Quickstart Guide

This guide will help you set up a basic ShotGrid MCP Server and create your first tools. By the end, you’ll have a working server that can interact with ShotGrid data through the MCP protocol.

Basic Server Setup

First, let’s create a simple server that connects to ShotGrid:

from shotgrid_mcp_server import ShotGridMCPServer

# Create a server with your ShotGrid credentials
server = ShotGridMCPServer(
    name="ShotGrid Assistant",
    shotgrid_url="https://your-site.shotgunstudio.com",
    script_name="your_script_name",
    api_key="your_api_key"
)

# Run the server
if __name__ == "__main__":
    server.run(host="localhost", port=8000)

Save this as server.py and run it with python server.py.
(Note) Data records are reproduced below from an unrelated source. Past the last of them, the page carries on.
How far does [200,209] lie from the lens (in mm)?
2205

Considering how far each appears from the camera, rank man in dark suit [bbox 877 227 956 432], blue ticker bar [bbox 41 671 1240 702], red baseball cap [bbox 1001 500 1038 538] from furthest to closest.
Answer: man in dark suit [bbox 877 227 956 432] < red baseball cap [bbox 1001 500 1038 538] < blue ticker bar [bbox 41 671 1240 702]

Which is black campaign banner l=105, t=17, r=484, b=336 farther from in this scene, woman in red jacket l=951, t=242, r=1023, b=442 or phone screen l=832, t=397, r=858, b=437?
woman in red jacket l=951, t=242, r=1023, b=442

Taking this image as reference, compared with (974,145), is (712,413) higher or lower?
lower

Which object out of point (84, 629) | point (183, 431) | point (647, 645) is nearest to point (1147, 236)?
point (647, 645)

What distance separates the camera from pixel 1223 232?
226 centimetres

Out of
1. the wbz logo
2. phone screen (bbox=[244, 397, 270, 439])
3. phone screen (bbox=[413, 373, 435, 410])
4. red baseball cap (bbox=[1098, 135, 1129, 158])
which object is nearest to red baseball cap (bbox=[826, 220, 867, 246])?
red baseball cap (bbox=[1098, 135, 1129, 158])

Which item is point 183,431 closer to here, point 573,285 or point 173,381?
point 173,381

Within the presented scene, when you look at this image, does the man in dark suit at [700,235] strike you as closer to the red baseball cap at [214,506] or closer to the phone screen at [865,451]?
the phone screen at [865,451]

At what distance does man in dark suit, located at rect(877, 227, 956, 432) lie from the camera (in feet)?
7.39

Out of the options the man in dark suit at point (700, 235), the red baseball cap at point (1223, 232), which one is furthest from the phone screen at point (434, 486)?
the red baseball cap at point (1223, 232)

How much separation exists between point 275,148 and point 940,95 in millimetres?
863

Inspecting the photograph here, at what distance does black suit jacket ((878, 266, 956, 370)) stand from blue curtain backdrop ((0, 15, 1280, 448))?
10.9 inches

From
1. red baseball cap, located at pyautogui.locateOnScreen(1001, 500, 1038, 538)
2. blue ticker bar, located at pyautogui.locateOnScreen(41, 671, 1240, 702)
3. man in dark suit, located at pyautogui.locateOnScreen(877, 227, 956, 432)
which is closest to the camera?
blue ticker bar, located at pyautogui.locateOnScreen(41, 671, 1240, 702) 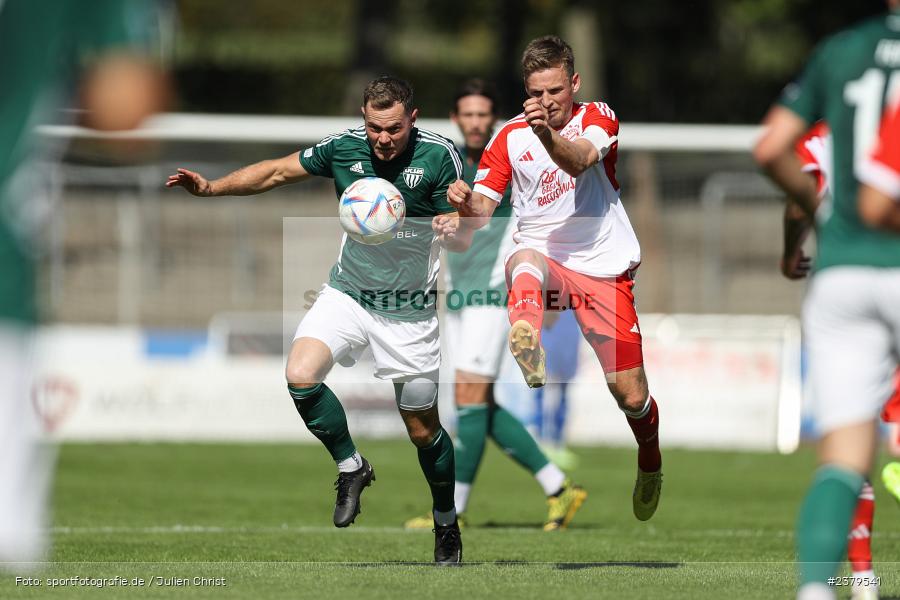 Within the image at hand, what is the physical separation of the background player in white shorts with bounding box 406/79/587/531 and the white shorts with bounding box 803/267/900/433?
5501 millimetres

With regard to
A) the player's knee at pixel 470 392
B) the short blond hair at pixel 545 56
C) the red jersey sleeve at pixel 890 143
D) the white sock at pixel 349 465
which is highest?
the short blond hair at pixel 545 56

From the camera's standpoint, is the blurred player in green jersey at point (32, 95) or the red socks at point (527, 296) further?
the red socks at point (527, 296)

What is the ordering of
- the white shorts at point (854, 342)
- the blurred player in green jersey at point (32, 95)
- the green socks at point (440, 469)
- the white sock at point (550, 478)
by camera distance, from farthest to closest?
the white sock at point (550, 478), the green socks at point (440, 469), the white shorts at point (854, 342), the blurred player in green jersey at point (32, 95)

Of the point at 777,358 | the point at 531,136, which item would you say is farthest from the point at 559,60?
the point at 777,358

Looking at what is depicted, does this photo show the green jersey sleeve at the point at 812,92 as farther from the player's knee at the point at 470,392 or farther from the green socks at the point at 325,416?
the player's knee at the point at 470,392

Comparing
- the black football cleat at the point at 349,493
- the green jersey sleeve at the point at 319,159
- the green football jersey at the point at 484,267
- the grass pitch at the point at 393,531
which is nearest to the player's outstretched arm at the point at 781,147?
the grass pitch at the point at 393,531

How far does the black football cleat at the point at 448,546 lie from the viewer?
310 inches

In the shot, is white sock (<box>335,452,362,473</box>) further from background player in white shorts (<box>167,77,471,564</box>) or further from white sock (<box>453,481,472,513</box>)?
white sock (<box>453,481,472,513</box>)

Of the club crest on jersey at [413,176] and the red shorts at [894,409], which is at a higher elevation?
the club crest on jersey at [413,176]

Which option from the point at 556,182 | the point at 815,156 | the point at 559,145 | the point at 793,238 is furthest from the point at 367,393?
the point at 815,156

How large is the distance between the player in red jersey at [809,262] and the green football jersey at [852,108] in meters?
0.92

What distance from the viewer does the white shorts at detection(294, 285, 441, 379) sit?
7891 mm

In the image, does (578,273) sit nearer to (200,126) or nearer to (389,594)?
(389,594)

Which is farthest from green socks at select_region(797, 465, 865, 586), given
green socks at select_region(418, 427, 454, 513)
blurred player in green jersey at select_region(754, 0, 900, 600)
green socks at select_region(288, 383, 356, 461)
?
green socks at select_region(288, 383, 356, 461) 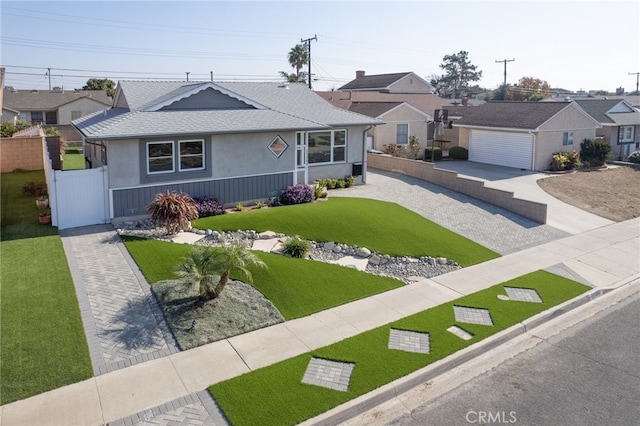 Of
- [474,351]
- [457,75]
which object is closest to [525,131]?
[474,351]

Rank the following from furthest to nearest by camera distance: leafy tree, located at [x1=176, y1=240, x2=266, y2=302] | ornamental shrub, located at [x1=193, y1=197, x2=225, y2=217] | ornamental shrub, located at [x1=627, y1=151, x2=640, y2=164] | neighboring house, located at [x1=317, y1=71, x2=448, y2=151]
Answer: ornamental shrub, located at [x1=627, y1=151, x2=640, y2=164] → neighboring house, located at [x1=317, y1=71, x2=448, y2=151] → ornamental shrub, located at [x1=193, y1=197, x2=225, y2=217] → leafy tree, located at [x1=176, y1=240, x2=266, y2=302]

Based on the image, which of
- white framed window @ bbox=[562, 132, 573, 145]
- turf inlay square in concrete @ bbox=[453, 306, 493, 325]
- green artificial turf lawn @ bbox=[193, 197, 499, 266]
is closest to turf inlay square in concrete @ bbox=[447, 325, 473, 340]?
turf inlay square in concrete @ bbox=[453, 306, 493, 325]

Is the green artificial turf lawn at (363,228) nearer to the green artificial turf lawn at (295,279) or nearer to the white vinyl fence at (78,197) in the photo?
the green artificial turf lawn at (295,279)

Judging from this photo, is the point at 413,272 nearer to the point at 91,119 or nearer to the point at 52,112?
the point at 91,119

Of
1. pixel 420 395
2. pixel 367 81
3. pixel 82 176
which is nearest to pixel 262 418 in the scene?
pixel 420 395

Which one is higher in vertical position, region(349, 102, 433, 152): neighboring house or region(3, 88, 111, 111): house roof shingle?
region(3, 88, 111, 111): house roof shingle

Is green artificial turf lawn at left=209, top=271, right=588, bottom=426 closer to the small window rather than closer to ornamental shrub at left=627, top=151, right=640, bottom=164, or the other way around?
the small window

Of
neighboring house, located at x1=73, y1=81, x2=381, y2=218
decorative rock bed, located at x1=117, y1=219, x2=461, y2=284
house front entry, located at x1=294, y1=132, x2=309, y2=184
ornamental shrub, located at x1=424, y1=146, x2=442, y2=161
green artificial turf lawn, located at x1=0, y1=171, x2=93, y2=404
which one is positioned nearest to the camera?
green artificial turf lawn, located at x1=0, y1=171, x2=93, y2=404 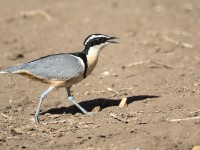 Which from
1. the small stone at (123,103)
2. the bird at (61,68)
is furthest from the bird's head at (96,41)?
the small stone at (123,103)

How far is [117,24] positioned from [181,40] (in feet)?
7.52

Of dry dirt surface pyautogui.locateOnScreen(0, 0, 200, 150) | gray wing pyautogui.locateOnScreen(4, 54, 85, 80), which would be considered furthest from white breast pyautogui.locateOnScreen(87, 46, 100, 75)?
dry dirt surface pyautogui.locateOnScreen(0, 0, 200, 150)

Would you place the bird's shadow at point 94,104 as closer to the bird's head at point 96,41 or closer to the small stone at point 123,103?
the small stone at point 123,103

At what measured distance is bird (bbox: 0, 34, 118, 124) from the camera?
8180 mm

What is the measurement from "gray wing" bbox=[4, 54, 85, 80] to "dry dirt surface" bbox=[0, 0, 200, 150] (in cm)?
65

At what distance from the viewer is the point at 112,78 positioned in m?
10.6

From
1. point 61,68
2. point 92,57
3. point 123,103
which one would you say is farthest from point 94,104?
point 61,68

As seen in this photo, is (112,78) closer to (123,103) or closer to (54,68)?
(123,103)

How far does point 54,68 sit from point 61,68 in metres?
0.11

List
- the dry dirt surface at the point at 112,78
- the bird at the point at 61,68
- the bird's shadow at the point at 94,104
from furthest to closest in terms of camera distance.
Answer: the bird's shadow at the point at 94,104 < the bird at the point at 61,68 < the dry dirt surface at the point at 112,78

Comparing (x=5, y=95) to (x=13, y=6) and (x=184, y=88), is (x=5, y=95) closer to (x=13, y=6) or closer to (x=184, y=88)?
(x=184, y=88)

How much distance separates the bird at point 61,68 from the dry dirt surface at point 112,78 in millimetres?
536

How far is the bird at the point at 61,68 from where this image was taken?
818cm

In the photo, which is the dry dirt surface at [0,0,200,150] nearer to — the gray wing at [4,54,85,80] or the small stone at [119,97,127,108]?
the small stone at [119,97,127,108]
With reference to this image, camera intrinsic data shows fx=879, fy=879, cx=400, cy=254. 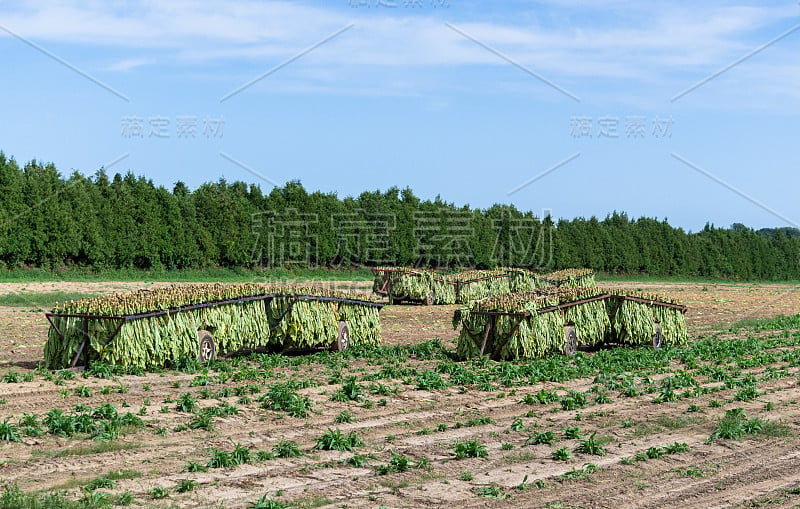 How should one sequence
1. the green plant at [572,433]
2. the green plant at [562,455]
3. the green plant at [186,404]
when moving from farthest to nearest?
the green plant at [186,404] < the green plant at [572,433] < the green plant at [562,455]

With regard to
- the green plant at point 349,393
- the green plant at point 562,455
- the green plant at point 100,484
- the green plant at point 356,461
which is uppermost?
the green plant at point 349,393

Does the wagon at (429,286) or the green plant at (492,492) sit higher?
the wagon at (429,286)

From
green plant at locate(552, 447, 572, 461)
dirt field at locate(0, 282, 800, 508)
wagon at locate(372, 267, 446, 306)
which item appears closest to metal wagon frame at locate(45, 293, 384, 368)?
dirt field at locate(0, 282, 800, 508)

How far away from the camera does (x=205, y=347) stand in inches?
708

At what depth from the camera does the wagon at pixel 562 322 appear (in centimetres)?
1950

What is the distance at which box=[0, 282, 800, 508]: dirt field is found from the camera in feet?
29.8

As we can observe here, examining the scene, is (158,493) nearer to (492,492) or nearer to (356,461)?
(356,461)

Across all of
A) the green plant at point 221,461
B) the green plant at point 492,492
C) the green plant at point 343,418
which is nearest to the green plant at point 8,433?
the green plant at point 221,461

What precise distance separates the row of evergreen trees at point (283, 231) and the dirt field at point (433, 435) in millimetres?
32399

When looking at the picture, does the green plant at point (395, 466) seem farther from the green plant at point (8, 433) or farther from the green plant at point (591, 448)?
the green plant at point (8, 433)

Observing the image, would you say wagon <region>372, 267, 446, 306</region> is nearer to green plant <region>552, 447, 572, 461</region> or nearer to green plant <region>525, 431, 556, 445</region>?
green plant <region>525, 431, 556, 445</region>

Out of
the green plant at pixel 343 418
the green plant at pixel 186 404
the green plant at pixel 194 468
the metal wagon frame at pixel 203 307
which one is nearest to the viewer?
the green plant at pixel 194 468

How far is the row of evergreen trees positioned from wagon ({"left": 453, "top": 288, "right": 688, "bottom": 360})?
36.8m

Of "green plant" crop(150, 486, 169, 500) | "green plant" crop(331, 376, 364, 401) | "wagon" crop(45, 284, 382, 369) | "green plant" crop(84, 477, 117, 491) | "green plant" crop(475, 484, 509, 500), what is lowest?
"green plant" crop(475, 484, 509, 500) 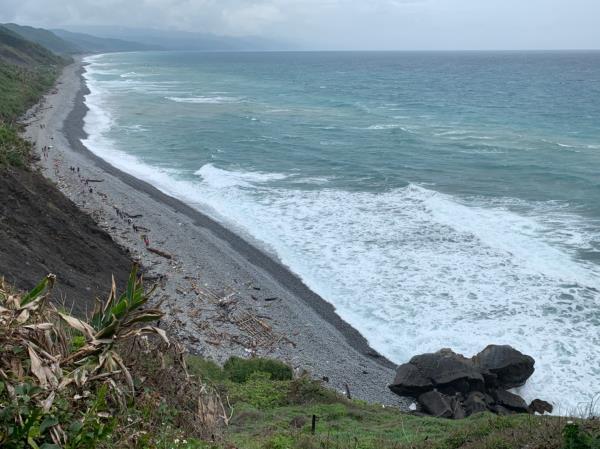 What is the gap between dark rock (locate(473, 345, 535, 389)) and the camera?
13.6 meters

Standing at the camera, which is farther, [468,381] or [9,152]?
[9,152]

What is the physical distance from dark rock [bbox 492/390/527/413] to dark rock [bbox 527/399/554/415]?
0.56 ft

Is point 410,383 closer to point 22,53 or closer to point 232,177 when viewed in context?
point 232,177

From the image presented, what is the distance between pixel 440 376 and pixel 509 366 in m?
1.76

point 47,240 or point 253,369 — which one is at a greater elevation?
point 47,240

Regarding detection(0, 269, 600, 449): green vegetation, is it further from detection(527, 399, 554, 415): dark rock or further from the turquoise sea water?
the turquoise sea water

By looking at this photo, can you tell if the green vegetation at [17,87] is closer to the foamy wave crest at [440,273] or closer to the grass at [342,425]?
the foamy wave crest at [440,273]

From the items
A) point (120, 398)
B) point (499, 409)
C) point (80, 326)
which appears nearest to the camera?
point (120, 398)

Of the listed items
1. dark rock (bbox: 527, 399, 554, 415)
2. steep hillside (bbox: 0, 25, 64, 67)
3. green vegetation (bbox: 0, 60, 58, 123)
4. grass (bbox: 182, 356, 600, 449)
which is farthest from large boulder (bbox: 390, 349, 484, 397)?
steep hillside (bbox: 0, 25, 64, 67)

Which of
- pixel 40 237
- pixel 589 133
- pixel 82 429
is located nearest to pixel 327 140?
pixel 589 133

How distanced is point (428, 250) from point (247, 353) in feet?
30.7

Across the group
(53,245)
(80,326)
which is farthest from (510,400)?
(53,245)

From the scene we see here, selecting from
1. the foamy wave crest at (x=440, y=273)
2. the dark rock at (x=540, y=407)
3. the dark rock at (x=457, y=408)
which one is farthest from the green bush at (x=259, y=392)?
the dark rock at (x=540, y=407)

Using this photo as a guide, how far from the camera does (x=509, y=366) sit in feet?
44.5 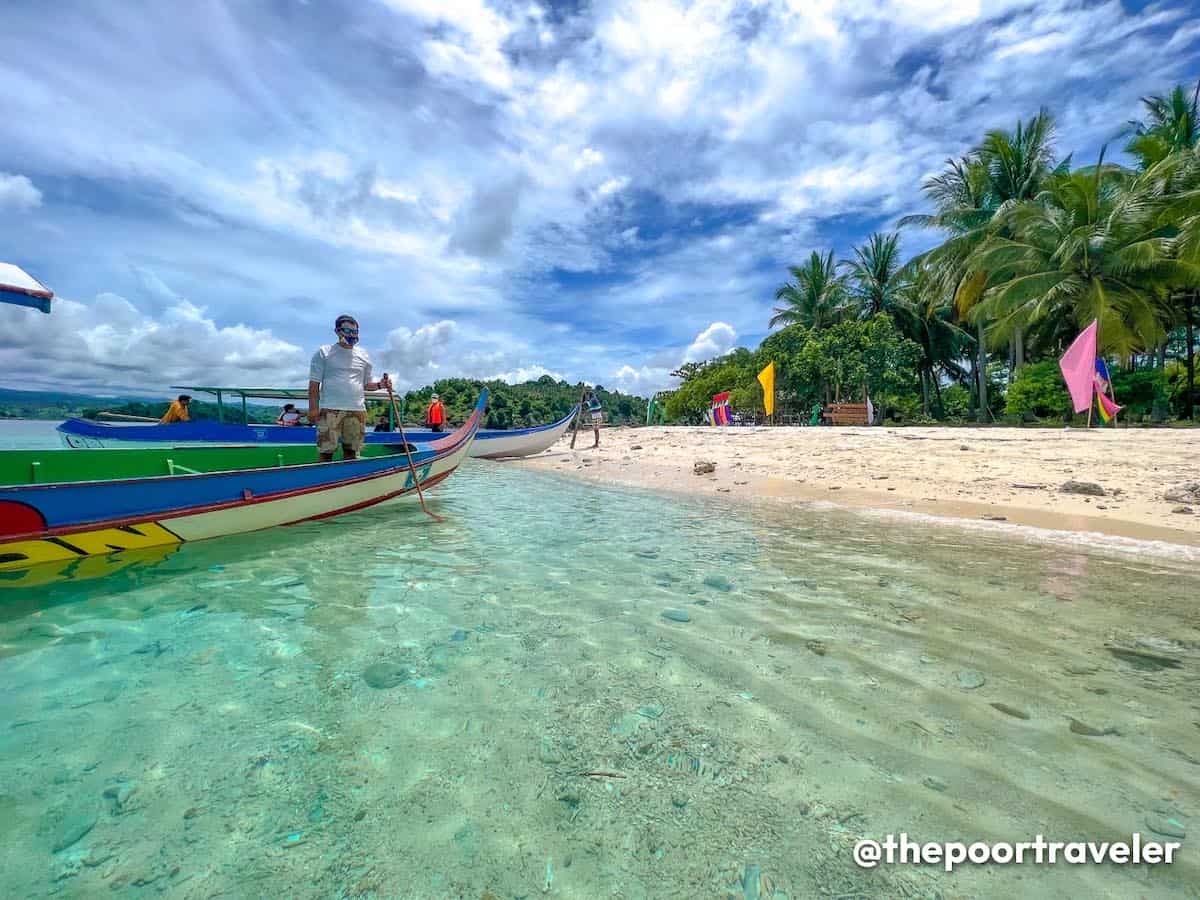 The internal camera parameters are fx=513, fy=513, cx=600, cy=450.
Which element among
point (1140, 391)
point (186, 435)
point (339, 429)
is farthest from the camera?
point (1140, 391)

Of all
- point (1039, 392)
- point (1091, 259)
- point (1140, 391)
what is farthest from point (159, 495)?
point (1091, 259)

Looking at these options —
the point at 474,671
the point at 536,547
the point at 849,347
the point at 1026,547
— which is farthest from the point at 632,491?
the point at 849,347

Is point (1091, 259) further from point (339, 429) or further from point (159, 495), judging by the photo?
point (159, 495)

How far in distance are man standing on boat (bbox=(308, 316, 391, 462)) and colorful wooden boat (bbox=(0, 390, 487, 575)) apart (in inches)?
23.4

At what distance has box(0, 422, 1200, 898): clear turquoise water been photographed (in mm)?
1833

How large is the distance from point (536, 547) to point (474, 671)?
322 centimetres

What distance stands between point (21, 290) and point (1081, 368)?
78.3 ft

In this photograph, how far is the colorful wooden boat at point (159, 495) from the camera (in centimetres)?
498

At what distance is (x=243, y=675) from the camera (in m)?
3.20

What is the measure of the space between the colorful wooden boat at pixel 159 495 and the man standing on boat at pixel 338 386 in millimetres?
595

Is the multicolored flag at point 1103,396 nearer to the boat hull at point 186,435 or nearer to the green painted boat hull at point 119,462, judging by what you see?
the boat hull at point 186,435

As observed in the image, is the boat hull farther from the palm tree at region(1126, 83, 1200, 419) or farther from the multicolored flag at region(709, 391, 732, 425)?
the palm tree at region(1126, 83, 1200, 419)

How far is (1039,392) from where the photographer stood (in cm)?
2142

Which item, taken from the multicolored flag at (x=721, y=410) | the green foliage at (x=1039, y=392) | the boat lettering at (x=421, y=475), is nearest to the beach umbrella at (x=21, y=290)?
the boat lettering at (x=421, y=475)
Your server will start on http://localhost:8000.

Using Mockgun for Testing

For development and testing, you can use Mockgun instead of connecting to a real ShotGrid instance:

from shotgrid_mcp_server import ShotGridMCPServer

# Create a server with Mockgun
server = ShotGridMCPServer(
    name="ShotGrid Test Server",
    use_mockgun=True,  # This enables Mockgun
    schema_path="path/to/schema.bin"  # Optional: path to a schema file
)

if __name__ == "__main__":
    server.run(host="localhost", port=8000)

Creating Your First Tool

Let’s add a tool to search for projects:

from shotgrid_mcp_server import ShotGridMCPServer

server = ShotGridMCPServer(
    name="ShotGrid Assistant",
    use_mockgun=True  # For testing
)

@server.tool()
def find_projects(status: str = None):
    """
    Find projects in ShotGrid, optionally filtered by status.
    
    Args:
        status: Filter projects by status (e.g., "Active", "Archived")
    
    Returns:
        A list of projects matching the criteria
    """
    filters = []
    if status:
        filters.append(["sg_status", "is", status])
    
    return server.connection.find(
        "Project",
        filters,
        ["id", "name", "code", "sg_status"]
    )

if __name__ == "__main__":
    server.run(host="localhost", port=8000)

Adding Test Data to Mockgun

If you’re using Mockgun, you’ll need to add some test data:

from shotgrid_mcp_server import ShotGridMCPServer

server = ShotGridMCPServer(
    name="ShotGrid Test Server",
    use_mockgun=True
)

# Add test data to Mockgun
@server.on_startup
def create_test_data():
    # Create test projects
    server.connection.create("Project", {
        "name": "Awesome Film",
        "code": "AWSM",
        "sg_status": "Active"
    })
    
    server.connection.create("Project", {
        "name": "Old Project",
        "code": "OLD",
        "sg_status": "Archived"
    })

@server.tool()
def find_projects(status: str = None):
    """Find projects in ShotGrid, optionally filtered by status."""
    filters = []
    if status:
        filters.append(["sg_status", "is", status])
    
    return server.connection.find(
        "Project",
        filters,
        ["id", "name", "code", "sg_status"]
    )

if __name__ == "__main__":
    server.run(host="localhost", port=8000)

Testing Your Server

You can test your server using the built-in MCP client:

from mcp.client import Client

async def test_server():
    # Connect to your server
    client = Client("http://localhost:8000")
    
    # List available tools
    tools = await client.list_tools()
    print(f"Available tools: {[tool.name for tool in tools]}")
    
    # Call the find_projects tool
    result = await client.call_tool("find_projects", {"status": "Active"})
    print(f"Active projects: {result}")

if __name__ == "__main__":
    import asyncio
    asyncio.run(test_server())

Save this as test_client.py and run it with python test_client.py while your server is running.